A doctor performing an ear test on a patient

Wet in the Ears

Question: I can feel fluid in my right ear, and this has been happening for a couple of weeks. I try to clear my eardrum with a cotton bud but that doesn’t help. I don’t go swimming, neither do I think the condition is due to the showers I take. How could the fluid have entered my ear?

Answer: If the ear canal itself is not wet or obstructed by wax or other foreign objects, there is a possibility of actual fluid accumulating deep in the eardrum, in the space known as the middle ear. The middle ear space contains air and is ventilated via the Eustachian tube that opens into the back of the nose, roughly eight to 10 cm from the nostrils.

If the Eustachian tube is obstructed, for example, due to inflammation from a cold, negative pressure may develop in the middle ear. This can cause fluid from the middle ear lining to accumulate in the space that is supposed to contain air. However, this is usually temporary and the fluid will normally clear once the Eustachian tube starts working again. Using a spray to reduce inflammation in the nose may speed up this process.

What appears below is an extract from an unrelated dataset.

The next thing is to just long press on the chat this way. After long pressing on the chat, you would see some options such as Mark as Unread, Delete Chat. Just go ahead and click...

If the fluid persists for a few weeks, it is important to get it checked to ensure there is no growth or lump in the back of the nose that is physically blocking the Eustachian tube.

Dr Ho Eu Chin
Consultant
Department Of Otorhinolaryngology
Tan Tock Seng Hospital

Related: Managing Hearing Loss & Hearing Care Tips

Say What?

A senior talking on the phone

Question: Lately, I find myself having to ask others to repeat what they say. I just can’t make out any conversation at all, especially in a noisy environment, even if the speaker is directly in front of me. I took up a complimentary hearing test offered by a hearing-aid company but it seems there is nothing wrong with my hearing. What can I do to hear better? I’m in my 40s.

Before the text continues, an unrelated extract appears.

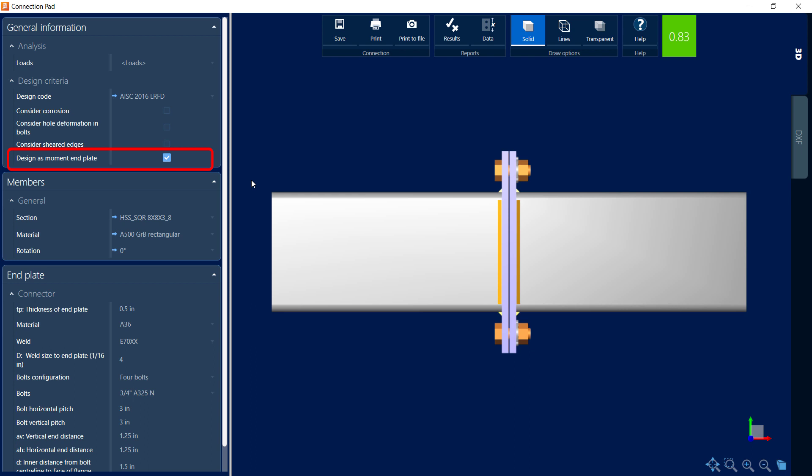Now when we selected the moment type of connection template, this checkbox will be selected by default. If this checkbox were unselected, it would mean that this beam splice would be capable of resisting axial load but not moment. Again, when you select your appropriate template, this checkbox will be selected automatically.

Answer: Our ability to hear depends on our ears to pick up sound vibrations. Our inner ear then converts the sound energy into electrical signals that are then transmitted to the brain via our hearing nerve. Finally, our brain needs to interpret the sound for us to understand what we hear. Hearing, therefore, involves understanding what we hear (mainly speech) rather than just picking up sounds. Most people have no difficulties comprehending speech in a quiet environment. However, our ability to comprehend speech when there is background noise is far more varied.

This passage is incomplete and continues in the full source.